Kopi susu merapi. (Tribun Jogja/Hamim)
Belum sempat beroperasi warung bersama rumahnya hancur tersapu material letusan tahun 2010.
Bahkan, warung dan rumah milik Sumijo sempat tertimbun meterial dari gunung Merapi sedalam tiga meter.
Setelah reruntuhan rumahnya berhasil ditemukan kembali, bapak tiga orang anak tersebut membangun rumahnya kembali dan mencoba membuka warung kopi pada tahun 2012.
"Setelah erupsi Merapi 2010 dorongan membuka warung kopi semakin besar, karena di depan rumah saya menjadi jalur para wisatawan yang mengikuti wisata lava tour.
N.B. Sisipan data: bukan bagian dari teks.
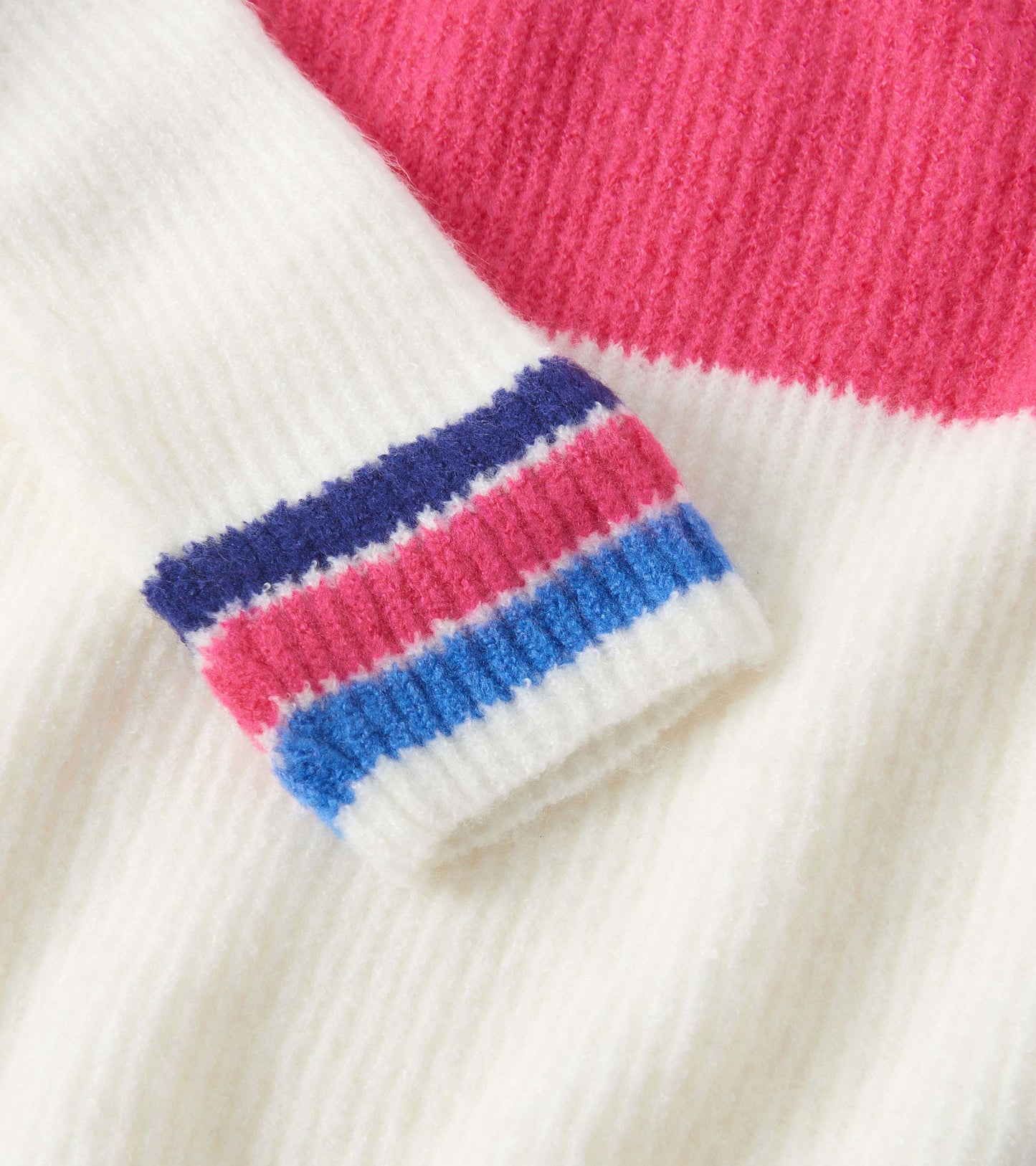 Colourblock mockneck sweater featuring white, pink, and multicolored striped cuffs, made from soft knit material.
Dan daerah sini semakin ramai oleh pengunjung," ungkapnya.
Warung Kopi Merapi sendiri berada di Dusun Petung, Desa Kepuhharjo, Kecamatan Cangkringan, Kabupaten Sleman.
Bangunan warungnya terbuat dari kayu sisa bangunan rumah Sumijo yang hancur tersapu awan panas.
Maka tak heran, sebagian besar kayunya tampak menghitam bekas terbakar.
Di warung sederhana ini, Sumijo menjadikan kopi Robusta dan Arabica yang ditanam di sekitar lereng Merapi sebagai andalannya.
Kedua jenis kopi ini disajikan dalam dua varian, yakni original (kopi hitam) dan kopi susu.
Untuk mengubahnya menjadi secangkir kopi yang nikmat, bubuk kopi langsung direbus bersama air.
Hasil penyeduhan seperti ini sering disebut dengan kopi klothok.
Dijelaskan Sumijo, cirikhas Kopi Merapi dibanding dengan kopi daerah lain adalah rasanya yang cenderung soft atau ringan baik itu untuk jenis robusta maupun arabica.
"Karena pengaruh ketinggian, material vulkanik yang ada di lahan sekitar Merapi menghasilkan citarsa kopi yang ringan, dan sedikit asam. Selain itu banyak pengakuan dari para pelanggan yang sebenarnya mereka memiliki masalah lambung, tetapi tidak ada masalah saat meminum kopi Merapi," tambahnya.
Menyeruput secangkir kopi akan semakin menyenangkan dengan beragam kudapan tradisional seperti mendoan, dan pisang goreng.
Bukan hanya karena kopinya yang spesial, ngopi di warung ini akan menghadirkan sensasi yang berbeda karena lokasinya yang berada persis di kaki gunung Merapi.
Jarak tempat ini jika dari puncak Merapi hanya sekitar 7 kilometer.
Suasana sejuk khas pegunungan, tenang, jauh dari hingar bingar perkotaan menjadikan Warung Kopi Merapi ini tempat yang pas untuk santai bersama teman atau keluarga.
Maka tak heran warung kopi ini saat ini menjadi salah satu ikon wisata di lereng Merapi.
"Saat ini kami juga melayani paket coffe break bagi rombongan wisatawan lava tour. Dalam paket tersebut kami menyediakan kopi dan beragam makanan tradisional seperti kacang rebus, ubi rebus, pisang rebus, jagung rebus, mendoan, dan beberapa makanan lainnya," jelas Sumijo.
Harga untuk kopi dan makanan begitu terjangkau oleh semua kalangan.
Secangkir Arbica Merapi dapat dinikmati hanya dengan Rp.8 ribu, bahkan untuk Robustanya hanya Rp.5 ribu.
Untuk Arbica susu cukup dengan Rp.8 ribu per cangkir, dan Rp.7 ribu untuk robusta susu.
Sedangkan paket coffe break harga paketannya mulai dari Rp.15 ribu hingga Rp.25 ribu per orang.
Bagi pengunjung yang ingin membawa pulang kopi khas Merapi, bubuk kopi hasil panenan para petani yang kemudian diolah oleh koperasi bisa diperoleh di warung ini.
Di dusun Petung sendiri, setelah erupsi Merapi 2010, masyarakat kembali menanam kopi di lahan dengan luas setidaknya 50 hektar.